Do you have a warm xpl in comparison? How is the tint and colour rendering compare?


----------



## gunga (Dec 25, 2016)

Oh well. Bought a warm xpl tiara a1 pro and high cri xml2 tiara c1 pro. Hoping for good results!


----------



## Lazyspacetruck (Dec 25, 2016)

gunga said:


> Oh well. Bought a warm xpl tiara a1 pro and high cri xml2 tiara c1 pro. Hoping for good results!



I'm hoping for good results as well. Just pulled the trigger on two lights myself. I went for the partner C2 pro v3 xhp35 (warm) and the Dobermann pro xhp35 HI (warm).

Let's see what this xhp35 is all about. Let us know how your purchase goes and I'll do the same.


----------



## iamlucky13 (Dec 25, 2016)

gunga said:


> Do you have a warm xpl in comparison? How is the tint and colour rendering compare?



Sorry, I don't. I will be very curious to learn what your impressions are comparing the two.


----------



## Heiti567 (Dec 26, 2016)

What disturbes me most about Armytek is their handling of versions.
When you order an Armytek via a local seller or distributor you'll never know what you get.
I decided to buy a Tiara V2 Pro warm XM-L2 after I read the manual on their webside.
But the flashlight I recived had a different manual and differs in the UI and performance.
The seller ask me " how did you recognize that it is not a V2 version? ". 
That is a good question because there are no version informations on the light.
The seller gave me 25€ refund just to keep me from sending it back.
He does not want to get bothered with the Tiaras any more causeed by to much breaks and acceptance.
Other deales quit selling Tiaras for the same reasons.


----------



## Woods Walker (Dec 27, 2016)

Lets see. Returned one XHP-50 Pro Wizard and got good CS. The Tiara XM-L Pro has a few UI bugs which on rare occasions when the right (and unknown) combinations of clicks and low battery levels come together just appear. Just a twist of the tail cap and maybe fresh battery will clear them so given the rare, rare occurrence I don't worry about it. They survived prolonged submersion, extreme cold and bad weather. Dang that XHP-50 NW has one of the best tints ever. Also feel the beam profile (all their headlamps use the same optic I think) is about the best ever for a general purpose headlamp IMHO. Just gave my uncle a CW XM-L Wizard STANDARD I got during a black Friday sale from AT. Wished I also purchased one for myself. Also the CW tint was ok. 

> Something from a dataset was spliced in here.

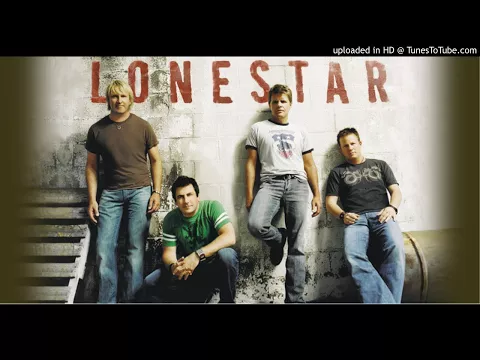Download MP3 Lonestar - Amazed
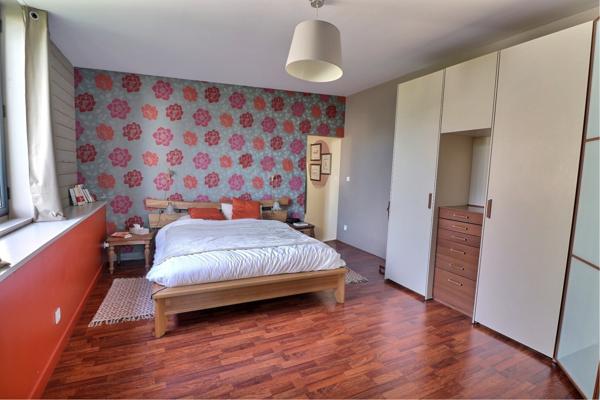 Landerneau (29800) LANDERNEAU MAISON DE VILLE DE CARACTERE DE 295 m2 JARDIN ARBORE 539 m2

The primary downsides are the flashing button with the Pros as people have mixed feelings and experiences with it. A website which getting the proper numbers involves a combination of cross referencing various sources, outright speculation and wishful thinking. Lack of communication on which version someone purchased (Often not on the box or instructions for some models) As for quality control as there is no reason not to believe the OP and other reports. I will say if you get a good one they're very good. As for the button color I remember the yellow buttons used to be for the Standard versions then the Pros got the white. But then the white was used for both and now the yellow is back for both. Or maybe not. Maybe it is just whatever boots they got get used? Dang if I know.


----------



## vadimax (Dec 27, 2016)

There is a Russian saying: mice were crying, pricking themselves, but continued to gnaw a cactus


----------



## Heiti567 (Dec 27, 2016)

Living close to the Netherlands I prefer cheese rather then cactus and bought some Zebralights.
But I still like my Wizard NW USB. Armytek should print their version information on the lights this way it would be easier for everyone.


----------



## SubLGT (Dec 29, 2016)

Lazyspacetruck said:


> ...The advantage I got was a new production light with a plastic cradle I have not seen before. It snaps in on your forehead instead of having to get the light through the rubber hoops. I like it.



Now that is a good idea. 

I have owned 4 Armyteks. Three of them have, or had, electronics issues. Maybe they should think of hiring a new circuit designer?


----------



## Shaysrebellion (Dec 29, 2016)

SubLGT said:


> Now that is a good idea.
> 
> I have owned 4 Armyteks. Three of them have, or had, electronics issues. Maybe they should think of hiring a new circuit designer?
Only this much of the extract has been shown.